The restored Arizona State Parks Heritage Fund needs to be fully funded by the Legislature this session.
As a Minnesota transplant, the remarkable and diverse landscapes of Arizona never cease to amaze me. Spending summers in Queen Creek growing up, I was constantly in awe of the starry nights, mountainous landscapes, and unique wildlife Arizona offered.
I fell in love with the plentiful open spaces where friends and families gather to hike, camp, or in my case photograph the unique flora and fauna. I liked it so much that I moved here so I could enjoy it year-round. These spaces allow us to take a moment out of our busy lives; to slow down and enjoy the natural beauty found all around us.
Unfortunately, due to urban sprawl and disastrous fires, historic buildings and cultural sites are faced with destruction as time, the elements, or neglect have taken their toll.
In 1990, Arizonans voted to pass the Arizona Heritage Fund, which directed $10 million annually from the State Lottery to the State Parks Heritage Fund to be used for local, regional and state parks; trails and open spaces; and cultural heritage sites. Since the creation of the State Parks Heritage Fund, over $89 million in grants have been reinvested in communities across Arizona.
With the State Parks Heritage Fund, ancestral lands and historic downtowns where previous generations grew up, went to school and conducted business have been restored to their original beauty. People for years to come will now be able to live, learn, and enjoy these treasures.

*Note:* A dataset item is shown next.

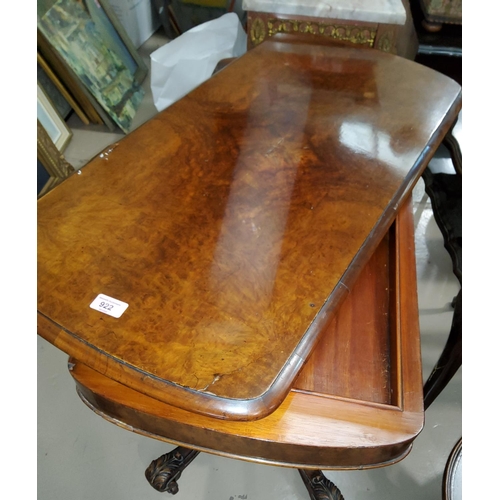 922 - A Victorian burr walnut fold over card table with green baize interior with four splay legs, length ...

In 2010, the state legislative majority decided — as part of their plan to address severe budget shortfalls during the Great Recession — to repeal the State Parks Heritage Fund. Nine years later, a bill that put the fund back into statute was signed into law.
However, it did not restore the annual $10 million from Lottery revenues. In the 2021 session, a bill to finance the fund with a one-time appropriation of $5 million for fiscal year 2022 was passed.
As the 2022 legislative session begins, with large budget surpluses and the Arizona Lottery encumbrances have been repaid and removed, the board of the Arizona Heritage Alliance, other heritage and environmental stakeholder groups and hundreds of Arizonans, believe it is time to reinstate the annual funding to the State Parks portion of the Heritage Fund.
We must encourage our legislators to once again honor the decision Arizonans made in 1990 by reinvesting in the fund and the responsible stewardship of our heritage and lands.